Naturally occurring mackinawite (tetragonal FeS) with incorporated transition metals is an important precursor to the formation of metal sulfides in ore deposits, but experimental results have not been sufficient to establish clear trends in the structure and stability of the transition-metal-enriched mineral. Using density functional theory with dispersion corrections, we report the first systematic examination of the relationship between composition and structure for FeS incorporating bivalent transition metals. Our method was validated by successful calculations of the structures of FeS, FeSe, FeSe 1-x S x , Fe 1-x Me x Se (Me = Co, Ni, Cu), and FeNi x Te.

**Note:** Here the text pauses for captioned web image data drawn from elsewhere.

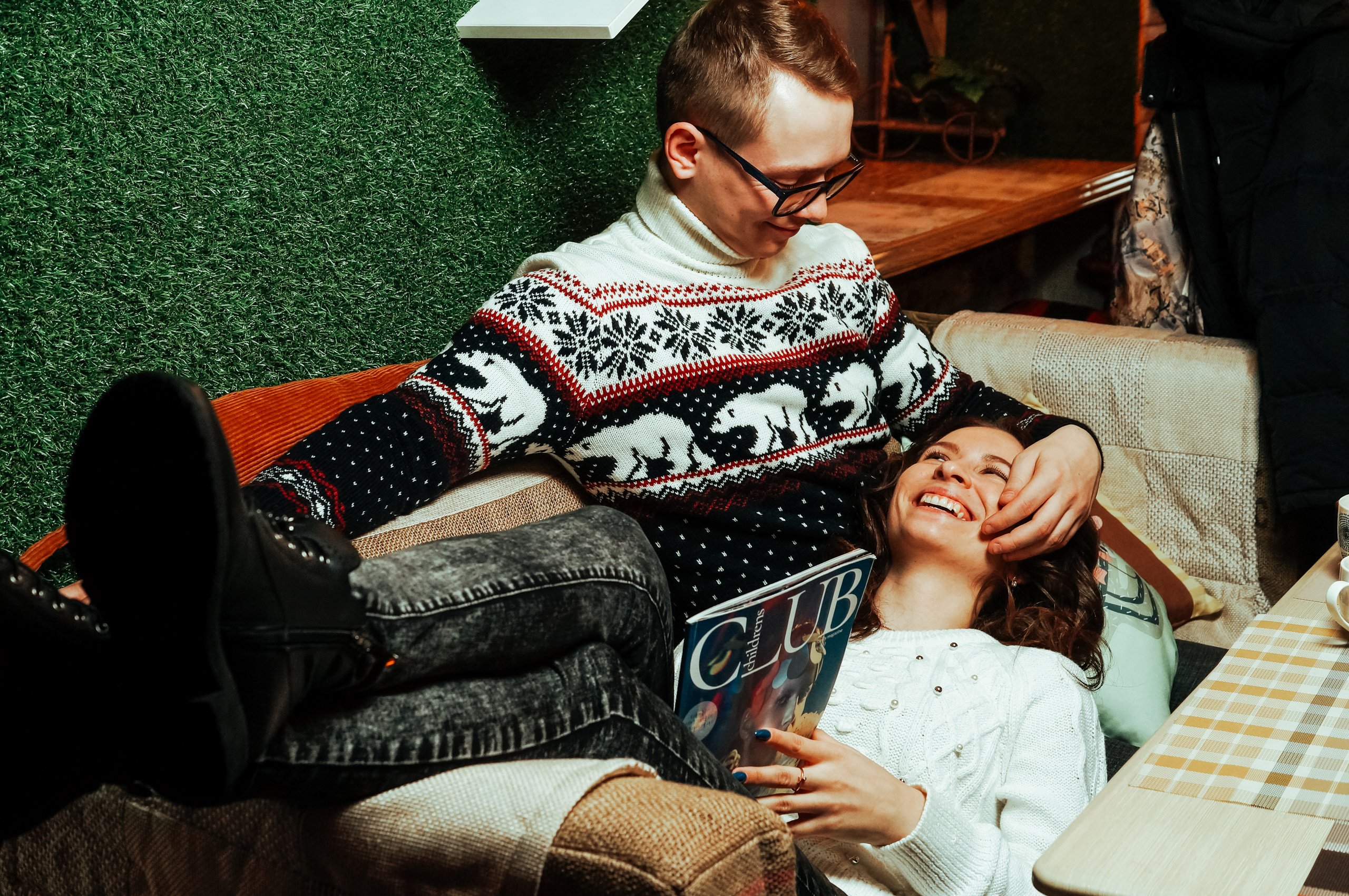 Love story Яны и Ярослава. Комсомольск-на-Амуре. Wedding & portrait photographer Sergey Lazarenko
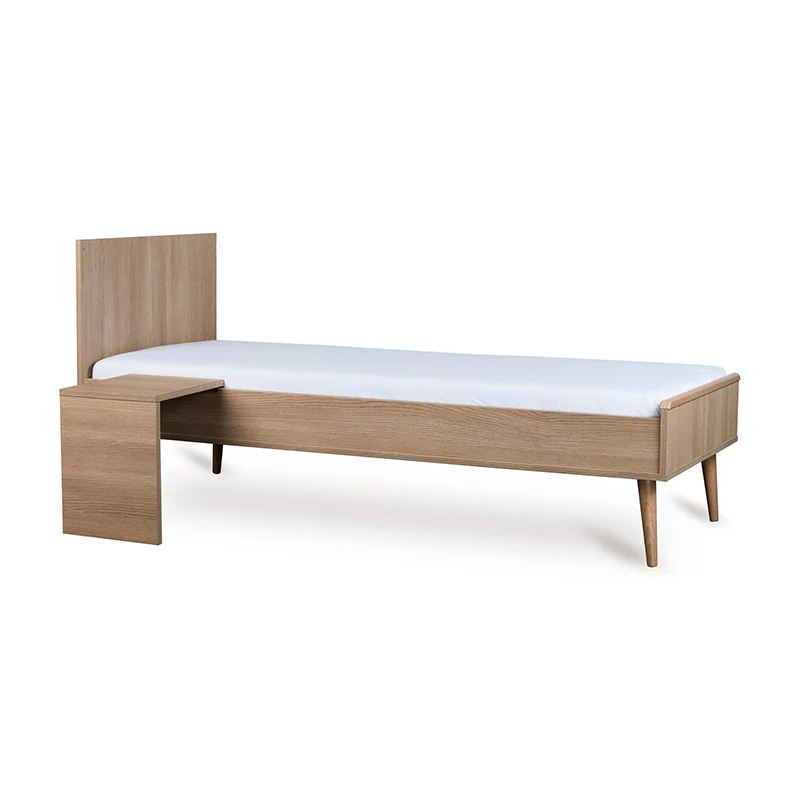 Quax Umbauset Babybett zum Juniorbett 70 x 170 'Flow' Honey Ash - Image 6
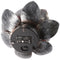 Lotus Flower Solar LED Garden Light Mini with a warm white LED, solar panel and battery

Two classes of transition-metal-incorporated FeS structures then were investigated: Fe 1-x Me x S (metal-substituted FeS) and FeMe x S (FeS intercalated by a metal at either a tetrahedral or square-pyramidal interstitial site), where Me = Co, Ni, and Cu, and x ≤ 0.25. We find that incorporated transition metals can both increase and decrease lattice parameters, depending on the metal and how it is incorporated into the FeS structure. As the mole fraction of substituting metal increases, the FeS unit-cell volume decreases for Co, is nearly constant for Ni, but increases for Cu. Metal substitution changes the c lattice parameter, which is sensitive to interactions between the mackinawite sheets, as much as it does the a and b lattice parameters. Upon intercalation, the unit-cell volume and c parameter increase but the a and b parameters decrease. Experimental structural data are consistent with our results for metal-substituted FeS. We determined the thermodynamic stability of metal-incorporated FeS by computing the free energy involved in the metal incorporation reactions as a function of chemical potential of sulfur. The thermodynamic results lead to the general conclusions that metal incorporation into mackinawite most likely occurs via substitution, which may be important to influence phase transformation pathways of mackinawite.